Showing posts with label Peter Schiff. Show all posts
Showing posts with label Peter Schiff. Show all posts
Thursday, December 31, 2009
Tuesday, December 22, 2009
Chinese to limit Treasury purchases in 2010
Supporting the Beach Ball!
The Blogger & Peter Schiff
This could easily be the most important story in the end of year run up of political & economic Bombshells - and it is likely to be completely over looked। With all smoke being blown up everyone's butts by the shenanigans surrounding the Senate health care debacle and the Copenhagen farce, this little story copied below got buried।
As Dollar Busters go - this very well could stand as the " other shoe" that many Dollar watchers have been predicting.
In The Fall of 2009, I attended a talk by given by Euro Pacific's President and erstwhile US Senate Candidate for Conn., Peter Schiff , where he predicted exactly this scenario. Schiff, a long time dollar critic and gold tout asks the question that no one in the US Government wants to hear:
When will "they" ( foreign sovereignty funds & the Chinese in particular ) stop buying our debt?

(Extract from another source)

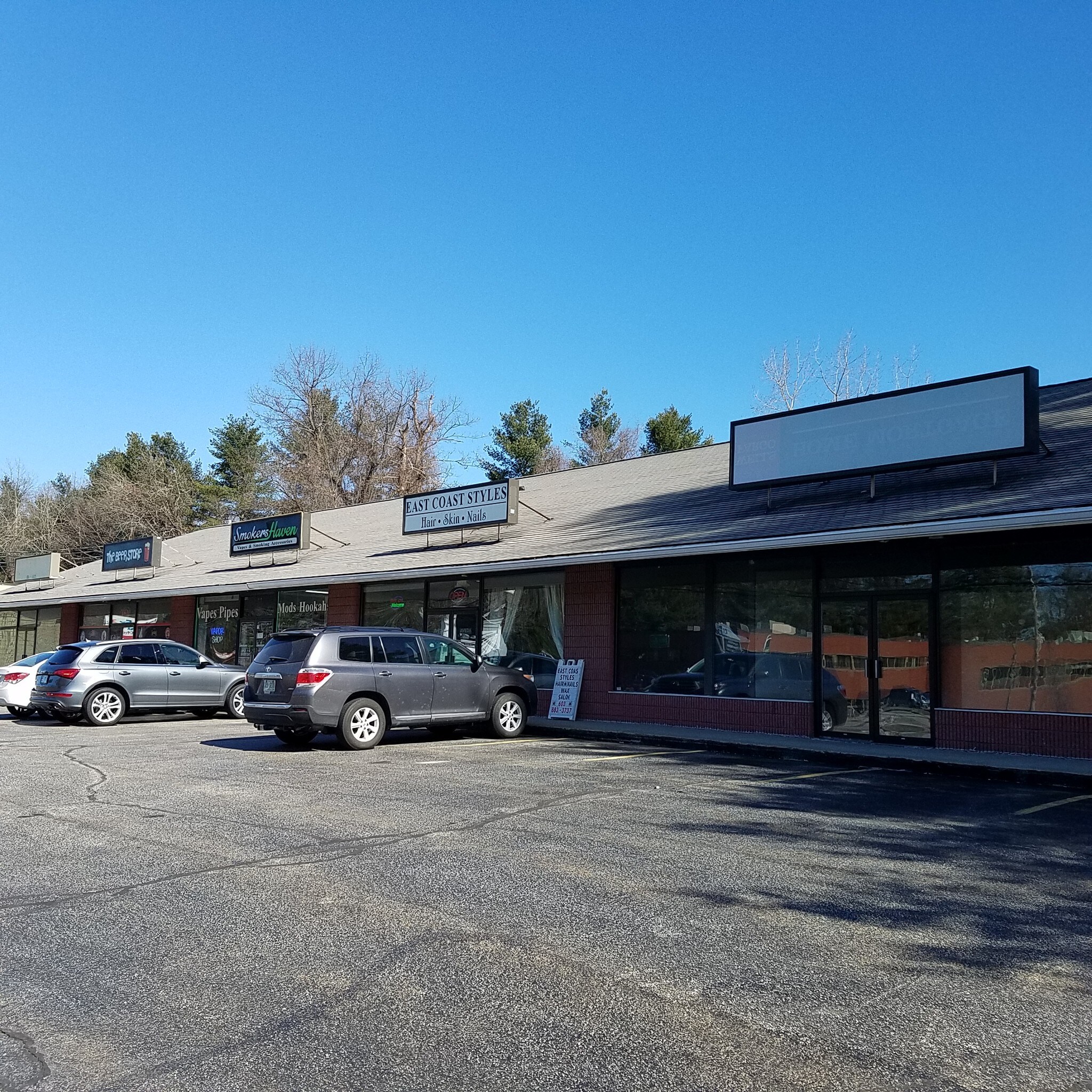 433 Amherst St, Nashua, NH for lease Building Photo- Image 1 of 15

"The situation is not unlike a beach ball being supported by the hand of an outstretched arm " Schiff remarked. "Our currency & economy are that beach ball and the Chinese purchases of our Treasury notes are the outstretched arm. What happens to the beach ball when that arm is withdrawn? "
As this dollar watcher see it, there are two scenarios for the beach ball in the near term, neither of which is appealing.

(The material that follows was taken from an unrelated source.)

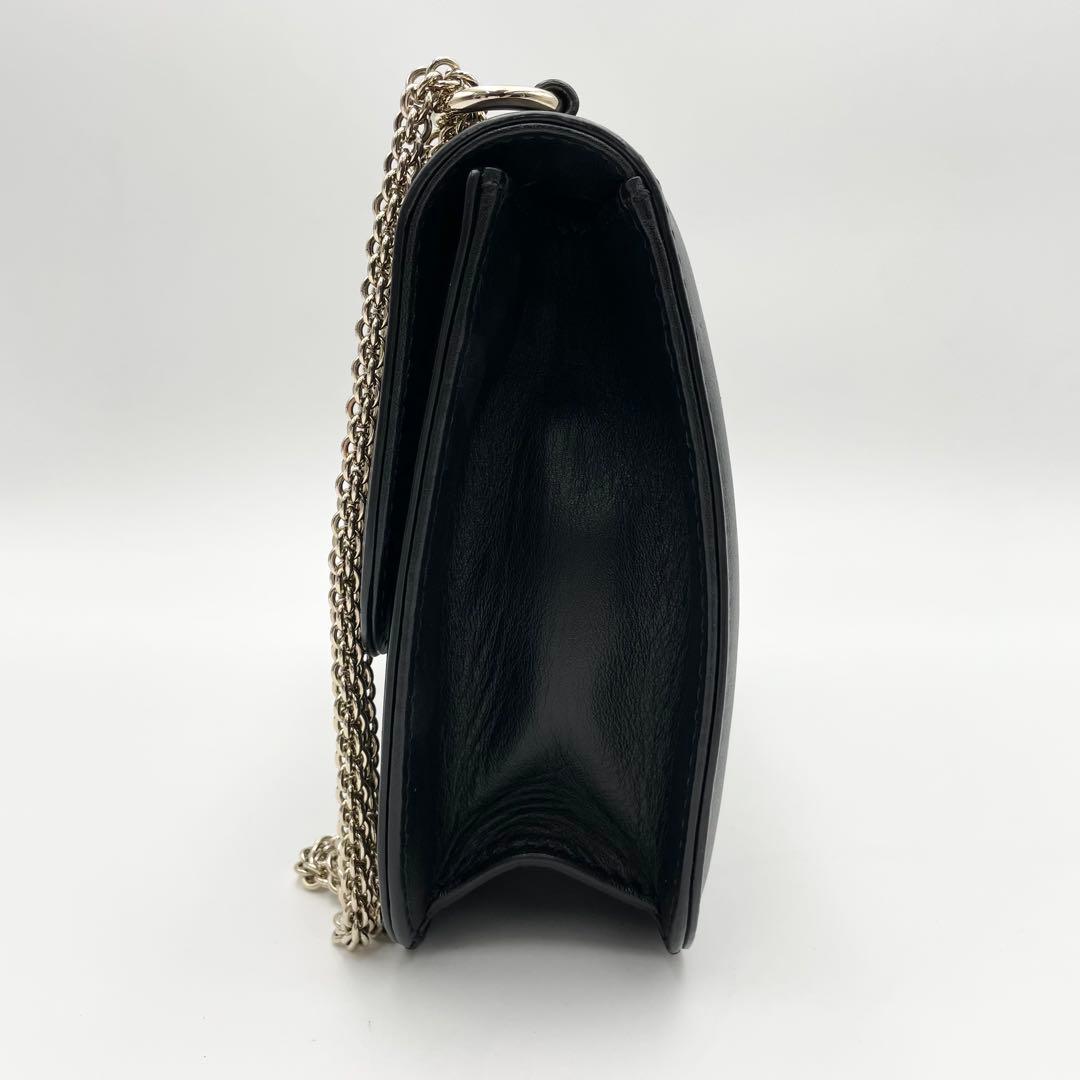 美品✨ヴァレンティノ　ロックスタッズ　チェーンショルダー　ブラック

#1। The "arm" is suddenly withdrawn and the market for US debt goes into collapse।The "Ball" gets dropped!
Whether it bounces or hits like a ripe melon is academic?
#2 The "arm" still supports the ball, but as the US's "beach ball" get heavier, becoming more like a 16 lbs shot put, the effort, as in the cost required to support it will go up.
The cost of the US debt goes up substantially.
What is the interest only payment on 14 Trillion?
Currently, the greatest influence on the "arm" is that most of the other "balls" in the game are getting heavier as well।
Omar P। Bounds III
The Bounds Auction Company
Published on ShanghaiDaily.com (http://www.shanghaidaily.com/)
http://www.shanghaidaily.com/sp/article/2009/200912/20091218/article_423054.htm
Harder to buy US Treasuries
Created: 2009-12-18 0:13:35
Author:Zhou Xin and Jason Subler
IT is getting harder for governments to buy United States Treasuries because the US's shrinking current-account gap is reducing supply of dollars overseas, a Chinese central bank official said yesterday.
The comments by Zhu Min, deputy governor of the People's Bank of China, referred to the overall situation globally, not specifically to China, the biggest foreign holder of US government bonds.
Chinese officials generally are very careful about commenting on the dollar and Treasuries, given that so much of its US$2.3 trillion reserves are tied to their value, and markets always watch any such comments closely for signs of any shift in how it manages its assets.
China's State Administration of Foreign Exchange reaffirmed this month that the dollar stands secure as the anchor of the currency reserves it manages, even as the country seeks to diversify its investments.
In a discussion on the global role of the dollar, Zhu told an academic audience that it was inevitable that the dollar would continue to fall in value because Washington continued to issue more Treasuries to finance its deficit spending.
He then addressed where demand for that debt would come from.
"The United States cannot force foreign governments to increase their holdings of Treasuries," Zhu said, according to an audio recording of his remarks. "Double the holdings? It is definitely impossible."
"The US current account deficit is falling as residents' savings increase, so its trade turnover is falling, which means the US is supplying fewer dollars to the rest of the world," he added. "The world does not have so much money to buy more US Treasuries."
China continues to see its foreign exchange reserves grow, albeit at a slower pace than in past years, due to a large trade surplus and inflows of foreign investment. They stood at US$2.3 trillion at the end of September.